Le Forum économique mondial estime que plus de 44 000 milliards de dollars de valeur économique, soit plus de la moitié du PIB mondial, dépendent modérément ou fortement de la nature et de ses services. En France, la Banque de France a également montré que 42 % de la valeur du portefeuille de titres détenus par les institutions financières françaises était émise par des entreprises dépendant fortement ou très fortement d’au moins un service écosystémique.
Concrètement, cela peut concerner une entreprise agroalimentaire exposée à la sécheresse, une société textile dépendante de fibres naturelles, un groupe de construction consommateur de matières premières, ou encore un assureur confronté aux effets de la dégradation des milieux naturels.
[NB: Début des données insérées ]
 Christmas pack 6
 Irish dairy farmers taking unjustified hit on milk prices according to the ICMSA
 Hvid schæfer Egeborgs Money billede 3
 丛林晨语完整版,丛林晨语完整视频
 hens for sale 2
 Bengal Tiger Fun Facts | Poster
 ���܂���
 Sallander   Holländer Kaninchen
Des données encore imparfaites
Si le climat dispose déjà d’indicateurs relativement installés, comme les émissions de CO2, la biodiversité reste plus difficile à mesurer. Les impacts sont souvent locaux, multiples et liés à des chaînes de valeur complexes. Un même indicateur ne permet pas toujours de comparer simplement deux entreprises ou deux secteurs.
Le sujet progresse toutefois dans les cadres du reporting. La TNFD, initiative internationale consacrée aux risques liés à la nature, indique que plus de 620 organisations dans plus de 50 pays se sont engagées à publier des informations alignées sur ses recommandations. En Europe, les standards de reporting de durabilité prévoient aussi un volet consacré à la biodiversité et aux écosystèmes pour les entreprises concernées lorsque le sujet est jugé matériel.
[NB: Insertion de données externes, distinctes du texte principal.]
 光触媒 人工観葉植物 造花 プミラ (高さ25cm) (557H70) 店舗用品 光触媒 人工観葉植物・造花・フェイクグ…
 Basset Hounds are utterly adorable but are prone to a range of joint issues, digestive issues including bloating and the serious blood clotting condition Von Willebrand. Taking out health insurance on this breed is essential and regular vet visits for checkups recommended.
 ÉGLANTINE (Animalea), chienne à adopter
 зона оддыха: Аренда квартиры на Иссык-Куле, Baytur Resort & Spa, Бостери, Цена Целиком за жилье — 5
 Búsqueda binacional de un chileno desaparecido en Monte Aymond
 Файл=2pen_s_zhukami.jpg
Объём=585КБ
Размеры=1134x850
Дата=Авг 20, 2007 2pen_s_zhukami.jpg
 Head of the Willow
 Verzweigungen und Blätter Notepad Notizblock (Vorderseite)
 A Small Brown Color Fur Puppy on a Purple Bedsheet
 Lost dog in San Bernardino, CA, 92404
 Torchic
Ces évolutions doivent permettre aux investisseurs de mieux comprendre les dépendances et les impacts des entreprises. Mais elles ne suppriment pas toutes les limites : les données restent parfois incomplètes, les méthodes varient, et la biodiversité ne se résume pas à un seul chiffre.
Le vivant, angle émergent de la finance durable
Ces questions concernent aussi l’épargne des particuliers. Via une assurance-vie, un PER, un PEA ou certains fonds, l’argent placé peut être investi dans des entreprises plus ou moins exposées à ces enjeux.
Certains placements responsables commencent ainsi à intégrer des critères liés à la biodiversité : analyse des dépendances à l’eau ou aux sols, exclusion de certaines pratiques, attention portée à la déforestation, dialogue avec les entreprises ou suivi d’indicateurs environnementaux.
Cela ne signifie pas que tout produit "durable" traite la biodiversité avec le même niveau d’exigence. Avant d’investir, il est donc utile de se poser quelques questions simples : le fonds mentionne-t-il explicitement la biodiversité ? Quels secteurs ou pratiques sont exclus ? Des indicateurs sont-ils publiés ? La stratégie environnementale est-elle expliquée clairement ?
La biodiversité ne remplace pas le climat dans la finance durable. Elle élargit plutôt le regard : au-delà de l’empreinte carbone, un placement responsable peut aussi être interrogé sur sa dépendance aux ressources naturelles et son impact sur les écosystèmes.